One of the lead attorneys on the case, however, said all of the
details and work involved in such a case often aren't known by
most people.

"The important thing for the public to understand is often not
explained sufficiently," Stuart Calwell said. "A case like the
water case is three years or more in the making. As a plaintiffs
lawyer, nobody pays you. There is no one to send a monthly
statement. And while you're prosecuting a major case, payroll has
to be met, motions have to be filed, experts have to be retained.
And like I said, there is no one to send a bill to."

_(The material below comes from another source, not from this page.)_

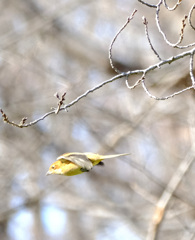 木の上から飛び降りた
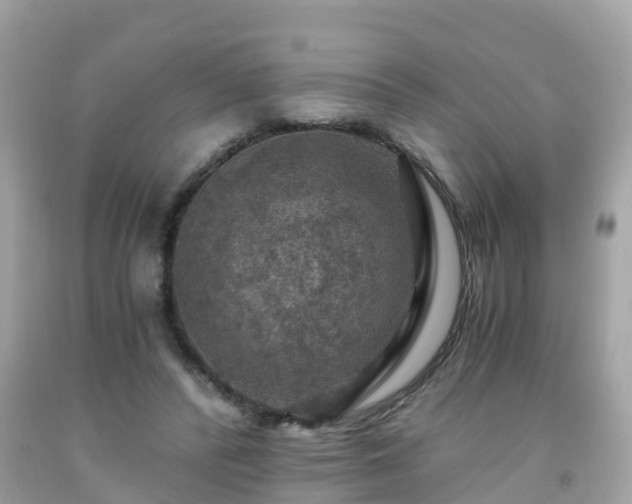 X0000092000400200709131518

Calwell, who owns The Calwell Practice in Charleston, said the
cost of operating a firm like his before any profit is realized is
more than $4 million a year.

"Take this case, for example," he said. "An expensive, risky case
like the water case where everyone was blaming Freedom, we had to
spend over $2 million unearthing the failures of the water company
and the failures of Eastman to put together a case against
defendants that could afford to pay and be held accountable.

"It's a gamble. If we had not succeeded, then all that was
invested both in expenses for experts and in keeping the firm
operational would be lost."

He said one way to look at it is to think of the average person.

"Now, ask a person on the street if he is willing to mortgage his
house, borrow from banks all on the gamble that somehow at the end
of the day, he might get his money back and get paid for his
troubles," Calwell said. "Not many would do that. So what happens
when you see a long, involved case come to conclusion and a
seemingly large amount for fees, all of that has been risked and
gambled over time."

He cited the Monsanto class action he spearheaded.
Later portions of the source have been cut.